Letters to the editor may be sent via email to cujed@mfi.com, or via the postal service to Letters to the Editor, C/C++ Users Journal, 1601 W. 23rd St., Ste 200, Lawrence, KS 66046-2700.
Dear CUJ,
I was disconcerted with reading Lukas Knutsson's article on generated optimized GIFs from DIBs (December 1998) and seeing no mention of the legal issues surrounding GIF.
Unisys holds a patent on the LZW algorithm, and use of this algorithm requires a license from Unisys. From Unisys' own documents at http://corp2.unisys.com/LeadStory/lzwfaq.html, it appears that even using software for personal use is infringing on the patent. Another analysis of this problem done by the Free Software Foundation can be found on the web at http://www.gnu.org/philosophy/gif.html.
Considering the amount of legal problems surrounding GIF, I was surprised that the format was even selected as the subject of the article.

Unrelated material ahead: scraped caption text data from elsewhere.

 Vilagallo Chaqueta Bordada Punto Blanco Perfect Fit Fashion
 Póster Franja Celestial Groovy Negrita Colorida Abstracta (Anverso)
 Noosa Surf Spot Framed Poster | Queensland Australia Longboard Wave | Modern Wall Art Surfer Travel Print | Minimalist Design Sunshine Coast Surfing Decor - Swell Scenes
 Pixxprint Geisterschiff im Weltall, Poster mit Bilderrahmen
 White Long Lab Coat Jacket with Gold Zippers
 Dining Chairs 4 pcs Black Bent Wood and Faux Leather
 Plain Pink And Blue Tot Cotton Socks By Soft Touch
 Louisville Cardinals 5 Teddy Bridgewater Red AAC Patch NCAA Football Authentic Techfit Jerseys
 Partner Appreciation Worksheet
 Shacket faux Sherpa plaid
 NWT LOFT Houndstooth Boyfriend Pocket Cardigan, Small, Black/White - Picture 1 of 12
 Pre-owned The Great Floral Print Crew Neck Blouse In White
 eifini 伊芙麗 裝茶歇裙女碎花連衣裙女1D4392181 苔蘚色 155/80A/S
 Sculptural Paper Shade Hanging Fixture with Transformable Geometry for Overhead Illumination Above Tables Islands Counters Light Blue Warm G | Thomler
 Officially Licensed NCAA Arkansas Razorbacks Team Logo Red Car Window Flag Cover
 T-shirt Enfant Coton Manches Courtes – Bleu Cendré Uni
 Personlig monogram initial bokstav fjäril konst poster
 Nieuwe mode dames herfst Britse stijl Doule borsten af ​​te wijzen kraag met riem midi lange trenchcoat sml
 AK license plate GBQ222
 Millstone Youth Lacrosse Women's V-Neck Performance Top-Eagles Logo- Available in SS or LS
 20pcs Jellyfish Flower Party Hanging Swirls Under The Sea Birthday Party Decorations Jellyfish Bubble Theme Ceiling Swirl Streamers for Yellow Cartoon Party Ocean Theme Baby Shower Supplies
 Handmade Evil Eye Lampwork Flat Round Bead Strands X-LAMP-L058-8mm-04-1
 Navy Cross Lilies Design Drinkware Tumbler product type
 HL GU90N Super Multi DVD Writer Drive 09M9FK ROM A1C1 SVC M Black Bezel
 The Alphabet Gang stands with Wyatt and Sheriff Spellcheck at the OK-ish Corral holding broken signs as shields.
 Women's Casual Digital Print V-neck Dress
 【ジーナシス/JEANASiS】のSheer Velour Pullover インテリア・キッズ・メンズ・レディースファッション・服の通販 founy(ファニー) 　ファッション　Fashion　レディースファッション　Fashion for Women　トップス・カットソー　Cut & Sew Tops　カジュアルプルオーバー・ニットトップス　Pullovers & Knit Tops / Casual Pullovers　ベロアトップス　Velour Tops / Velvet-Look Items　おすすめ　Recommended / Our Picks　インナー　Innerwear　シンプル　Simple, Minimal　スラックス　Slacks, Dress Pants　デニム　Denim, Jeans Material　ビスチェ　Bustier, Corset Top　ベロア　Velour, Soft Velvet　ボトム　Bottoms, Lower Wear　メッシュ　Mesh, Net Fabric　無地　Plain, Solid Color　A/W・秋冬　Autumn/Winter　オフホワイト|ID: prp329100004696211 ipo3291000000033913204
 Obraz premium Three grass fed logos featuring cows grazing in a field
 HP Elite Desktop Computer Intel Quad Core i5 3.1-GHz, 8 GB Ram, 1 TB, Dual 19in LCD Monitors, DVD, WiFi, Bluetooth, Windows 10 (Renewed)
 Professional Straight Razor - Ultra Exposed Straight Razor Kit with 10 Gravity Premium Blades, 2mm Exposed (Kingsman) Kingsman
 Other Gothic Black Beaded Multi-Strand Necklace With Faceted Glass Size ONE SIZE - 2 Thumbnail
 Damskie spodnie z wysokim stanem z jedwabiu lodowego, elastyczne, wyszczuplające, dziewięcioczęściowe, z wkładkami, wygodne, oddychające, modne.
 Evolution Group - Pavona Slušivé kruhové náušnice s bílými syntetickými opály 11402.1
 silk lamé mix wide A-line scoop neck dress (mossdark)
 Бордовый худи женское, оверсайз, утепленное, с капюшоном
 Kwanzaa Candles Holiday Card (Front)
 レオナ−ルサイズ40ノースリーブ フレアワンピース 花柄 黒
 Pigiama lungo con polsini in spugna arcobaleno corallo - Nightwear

Most everything discussed in the article can just as easily apply to another, patent free, World Wide Web Consortium recommended, better-designed file format known as the Portable Network Graphics (PNG) format. More information can be found on the PNG Home Page at http://www.cdrom.com/pub/png/ and at W3C website at http://www.w3.org/Graphics/PNG/.
Thank you,
Mike Castle
Milwaukee, WisconsinYes, other methods exist for compressing images, but GIF is widely used and hence of widespread interest. I know that use of the GIF format is actively encumbered by patents, but I'm not worried that the Patent Police will roust our readers out of their dens for tinkering with the code. — pjp
Dear PJP,
In October's "We Have Mail," Kishore Meduri wrote a letter lamenting the lack of C++ updates to the switch statement. Since I assume that other readers may also share his view, I thought I'd try to show why I support your assertion that the C++ standards committee was wise to leave this statement alone.
Mr. Meduri expressed a desire for use of any data type (presumably with apppropriate comparison operators) to be used in a switch statement:
switch(str1) { case str2: // Do something... break; case str3: // Do something else... break; }rather than
if(str1 == str2) // Do Something... else if(str1 == str3) // Do something else...However, applying the limitations originally imposed on the case values in C which were brought forward to C++ (i.e., replacing the strings above with literals or constants), the second method does not necessarily generate the same code as the first! Modern compilers can take many liberties with these values to generate more efficient code. By looking at the resulting assembly code, it becomes immediately obvious that the compiler does not use this obvious, but inefficient method [if-else chains].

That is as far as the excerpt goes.